Please copy exactly the lines from the top of the data through the line containing "Sörf tahtaları, palmiye", and nothing else.

═════ INPUT DATA

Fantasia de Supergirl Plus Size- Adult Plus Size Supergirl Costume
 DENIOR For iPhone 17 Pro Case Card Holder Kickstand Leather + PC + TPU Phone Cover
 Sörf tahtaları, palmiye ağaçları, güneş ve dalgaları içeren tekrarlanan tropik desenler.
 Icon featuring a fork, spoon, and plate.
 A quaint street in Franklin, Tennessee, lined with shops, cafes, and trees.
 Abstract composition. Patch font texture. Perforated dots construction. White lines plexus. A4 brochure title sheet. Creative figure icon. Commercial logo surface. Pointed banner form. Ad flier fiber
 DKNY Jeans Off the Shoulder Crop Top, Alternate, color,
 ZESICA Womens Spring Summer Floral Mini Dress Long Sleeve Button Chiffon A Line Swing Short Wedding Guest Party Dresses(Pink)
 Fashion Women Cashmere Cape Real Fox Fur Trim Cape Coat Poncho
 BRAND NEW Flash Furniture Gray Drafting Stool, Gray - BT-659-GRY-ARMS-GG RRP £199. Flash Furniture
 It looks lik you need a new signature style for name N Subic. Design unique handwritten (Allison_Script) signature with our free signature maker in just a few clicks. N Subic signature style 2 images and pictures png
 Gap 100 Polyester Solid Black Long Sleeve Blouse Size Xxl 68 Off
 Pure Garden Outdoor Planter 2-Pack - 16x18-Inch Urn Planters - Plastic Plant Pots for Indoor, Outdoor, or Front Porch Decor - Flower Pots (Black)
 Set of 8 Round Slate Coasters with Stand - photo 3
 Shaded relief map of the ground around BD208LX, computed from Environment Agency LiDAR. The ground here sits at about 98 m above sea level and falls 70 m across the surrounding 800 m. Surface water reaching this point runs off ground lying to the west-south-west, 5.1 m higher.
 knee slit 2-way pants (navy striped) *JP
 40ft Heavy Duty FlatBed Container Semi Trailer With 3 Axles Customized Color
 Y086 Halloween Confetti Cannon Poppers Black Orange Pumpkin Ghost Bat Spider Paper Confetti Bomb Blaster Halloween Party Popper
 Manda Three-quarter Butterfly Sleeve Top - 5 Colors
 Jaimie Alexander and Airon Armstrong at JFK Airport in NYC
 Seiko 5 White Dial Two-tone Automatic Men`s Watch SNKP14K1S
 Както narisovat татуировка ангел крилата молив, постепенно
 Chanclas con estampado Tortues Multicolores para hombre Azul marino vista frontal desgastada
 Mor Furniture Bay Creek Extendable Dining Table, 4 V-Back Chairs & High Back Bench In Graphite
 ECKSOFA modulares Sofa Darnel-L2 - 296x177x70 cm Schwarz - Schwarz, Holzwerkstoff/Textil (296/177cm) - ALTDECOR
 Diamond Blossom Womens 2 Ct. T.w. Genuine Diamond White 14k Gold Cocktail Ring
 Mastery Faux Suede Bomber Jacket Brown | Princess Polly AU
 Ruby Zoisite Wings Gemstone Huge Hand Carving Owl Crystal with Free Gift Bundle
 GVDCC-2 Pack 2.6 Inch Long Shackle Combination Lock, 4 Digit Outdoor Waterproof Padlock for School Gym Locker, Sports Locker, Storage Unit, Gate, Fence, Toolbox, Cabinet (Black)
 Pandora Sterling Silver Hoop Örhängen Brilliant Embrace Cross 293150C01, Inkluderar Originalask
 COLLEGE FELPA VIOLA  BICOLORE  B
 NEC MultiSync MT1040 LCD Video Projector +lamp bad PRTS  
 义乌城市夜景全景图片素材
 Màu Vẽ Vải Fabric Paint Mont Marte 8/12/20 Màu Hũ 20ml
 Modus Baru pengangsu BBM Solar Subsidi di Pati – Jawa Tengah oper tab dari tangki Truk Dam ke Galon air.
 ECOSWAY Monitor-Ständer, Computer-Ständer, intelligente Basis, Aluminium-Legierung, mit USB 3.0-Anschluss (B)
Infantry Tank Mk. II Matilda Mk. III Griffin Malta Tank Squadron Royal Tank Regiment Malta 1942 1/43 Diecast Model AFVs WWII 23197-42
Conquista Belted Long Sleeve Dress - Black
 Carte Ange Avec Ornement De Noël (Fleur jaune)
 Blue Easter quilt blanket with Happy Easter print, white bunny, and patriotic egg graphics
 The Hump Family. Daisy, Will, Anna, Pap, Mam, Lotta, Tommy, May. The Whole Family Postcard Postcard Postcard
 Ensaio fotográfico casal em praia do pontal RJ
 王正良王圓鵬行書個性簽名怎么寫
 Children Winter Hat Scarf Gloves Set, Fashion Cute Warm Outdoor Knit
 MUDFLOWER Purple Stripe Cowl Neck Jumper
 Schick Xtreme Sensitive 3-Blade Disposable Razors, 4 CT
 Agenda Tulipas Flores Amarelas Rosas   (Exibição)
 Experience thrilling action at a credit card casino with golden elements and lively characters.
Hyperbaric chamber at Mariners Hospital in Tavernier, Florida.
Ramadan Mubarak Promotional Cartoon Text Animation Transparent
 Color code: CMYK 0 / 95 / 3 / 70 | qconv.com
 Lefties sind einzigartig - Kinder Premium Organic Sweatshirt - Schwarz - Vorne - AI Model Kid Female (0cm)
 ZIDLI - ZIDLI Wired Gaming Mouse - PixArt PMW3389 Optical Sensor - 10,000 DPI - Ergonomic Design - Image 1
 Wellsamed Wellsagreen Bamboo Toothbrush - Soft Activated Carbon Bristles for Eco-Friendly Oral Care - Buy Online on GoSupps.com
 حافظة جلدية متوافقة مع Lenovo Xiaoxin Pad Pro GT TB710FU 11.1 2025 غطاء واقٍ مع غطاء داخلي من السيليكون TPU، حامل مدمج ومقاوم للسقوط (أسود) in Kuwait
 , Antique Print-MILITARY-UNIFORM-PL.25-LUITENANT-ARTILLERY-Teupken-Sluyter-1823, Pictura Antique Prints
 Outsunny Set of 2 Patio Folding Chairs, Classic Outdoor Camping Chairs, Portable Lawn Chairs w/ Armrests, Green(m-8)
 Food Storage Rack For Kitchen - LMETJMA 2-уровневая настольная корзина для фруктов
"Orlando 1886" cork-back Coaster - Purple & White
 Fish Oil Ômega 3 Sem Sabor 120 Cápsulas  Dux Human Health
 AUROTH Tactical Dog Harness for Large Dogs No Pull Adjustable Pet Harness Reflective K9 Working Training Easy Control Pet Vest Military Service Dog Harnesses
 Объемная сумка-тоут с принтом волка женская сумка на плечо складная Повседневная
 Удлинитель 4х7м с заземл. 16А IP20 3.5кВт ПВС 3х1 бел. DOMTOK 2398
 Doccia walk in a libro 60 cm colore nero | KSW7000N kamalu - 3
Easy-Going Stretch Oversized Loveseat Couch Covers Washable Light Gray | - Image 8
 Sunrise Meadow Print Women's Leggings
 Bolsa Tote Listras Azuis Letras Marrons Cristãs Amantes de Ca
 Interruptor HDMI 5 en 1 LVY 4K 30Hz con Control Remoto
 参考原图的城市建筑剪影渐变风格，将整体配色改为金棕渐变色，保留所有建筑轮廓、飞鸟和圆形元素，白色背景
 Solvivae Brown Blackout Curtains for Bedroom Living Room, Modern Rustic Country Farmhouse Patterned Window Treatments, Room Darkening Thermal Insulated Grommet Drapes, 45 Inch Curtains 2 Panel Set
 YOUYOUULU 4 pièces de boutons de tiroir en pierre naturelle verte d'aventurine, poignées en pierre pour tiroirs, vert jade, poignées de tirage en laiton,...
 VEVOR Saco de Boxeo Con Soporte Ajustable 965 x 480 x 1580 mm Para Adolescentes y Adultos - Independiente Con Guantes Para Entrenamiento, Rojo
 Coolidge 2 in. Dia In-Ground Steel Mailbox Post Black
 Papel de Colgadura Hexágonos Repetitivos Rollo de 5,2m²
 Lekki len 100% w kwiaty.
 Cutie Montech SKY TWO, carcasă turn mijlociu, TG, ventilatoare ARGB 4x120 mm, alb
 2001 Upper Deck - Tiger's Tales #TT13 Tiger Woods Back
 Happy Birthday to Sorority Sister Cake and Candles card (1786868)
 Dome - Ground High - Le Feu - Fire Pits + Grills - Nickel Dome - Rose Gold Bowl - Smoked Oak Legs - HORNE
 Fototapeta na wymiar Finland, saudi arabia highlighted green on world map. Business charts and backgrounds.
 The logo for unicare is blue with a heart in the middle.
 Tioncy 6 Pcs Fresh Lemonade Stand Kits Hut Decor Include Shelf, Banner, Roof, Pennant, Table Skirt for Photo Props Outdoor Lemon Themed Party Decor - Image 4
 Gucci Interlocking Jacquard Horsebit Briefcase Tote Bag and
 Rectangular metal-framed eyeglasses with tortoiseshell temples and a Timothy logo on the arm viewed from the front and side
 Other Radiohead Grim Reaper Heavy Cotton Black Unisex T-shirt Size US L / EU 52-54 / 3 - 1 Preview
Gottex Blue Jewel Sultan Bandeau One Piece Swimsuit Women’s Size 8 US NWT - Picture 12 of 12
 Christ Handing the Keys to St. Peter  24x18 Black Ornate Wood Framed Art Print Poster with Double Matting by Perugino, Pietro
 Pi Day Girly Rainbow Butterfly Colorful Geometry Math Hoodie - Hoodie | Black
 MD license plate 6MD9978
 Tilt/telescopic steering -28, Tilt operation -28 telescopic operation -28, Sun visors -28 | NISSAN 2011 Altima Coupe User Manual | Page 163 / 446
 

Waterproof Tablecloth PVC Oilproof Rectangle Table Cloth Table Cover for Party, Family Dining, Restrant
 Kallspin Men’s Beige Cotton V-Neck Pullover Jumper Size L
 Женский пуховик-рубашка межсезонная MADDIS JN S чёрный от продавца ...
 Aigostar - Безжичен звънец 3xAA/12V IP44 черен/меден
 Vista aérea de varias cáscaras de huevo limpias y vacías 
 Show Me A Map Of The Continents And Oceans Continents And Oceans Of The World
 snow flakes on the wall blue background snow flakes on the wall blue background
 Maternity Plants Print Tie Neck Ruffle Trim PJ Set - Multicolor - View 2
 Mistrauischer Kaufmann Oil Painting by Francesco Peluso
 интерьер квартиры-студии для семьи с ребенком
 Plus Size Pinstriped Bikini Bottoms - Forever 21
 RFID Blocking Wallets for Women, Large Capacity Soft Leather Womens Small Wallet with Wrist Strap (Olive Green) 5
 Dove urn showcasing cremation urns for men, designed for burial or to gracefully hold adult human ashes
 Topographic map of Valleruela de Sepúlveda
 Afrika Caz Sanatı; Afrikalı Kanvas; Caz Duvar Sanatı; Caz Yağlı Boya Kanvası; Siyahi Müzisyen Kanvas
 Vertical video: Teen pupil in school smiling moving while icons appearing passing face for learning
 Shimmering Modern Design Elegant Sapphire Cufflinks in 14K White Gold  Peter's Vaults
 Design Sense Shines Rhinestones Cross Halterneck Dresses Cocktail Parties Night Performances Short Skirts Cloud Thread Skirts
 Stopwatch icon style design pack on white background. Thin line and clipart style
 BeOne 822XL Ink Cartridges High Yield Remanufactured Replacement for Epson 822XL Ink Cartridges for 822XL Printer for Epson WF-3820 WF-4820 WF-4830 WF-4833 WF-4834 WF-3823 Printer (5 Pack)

══════════

— RESPONSE —
Fantasia de Supergirl Plus Size- Adult Plus Size Supergirl Costume
 DENIOR For iPhone 17 Pro Case Card Holder Kickstand Leather + PC + TPU Phone Cover
 Sörf tahtaları, palmiye ağaçları, güneş ve dalgaları içeren tekrarlanan tropik desenler.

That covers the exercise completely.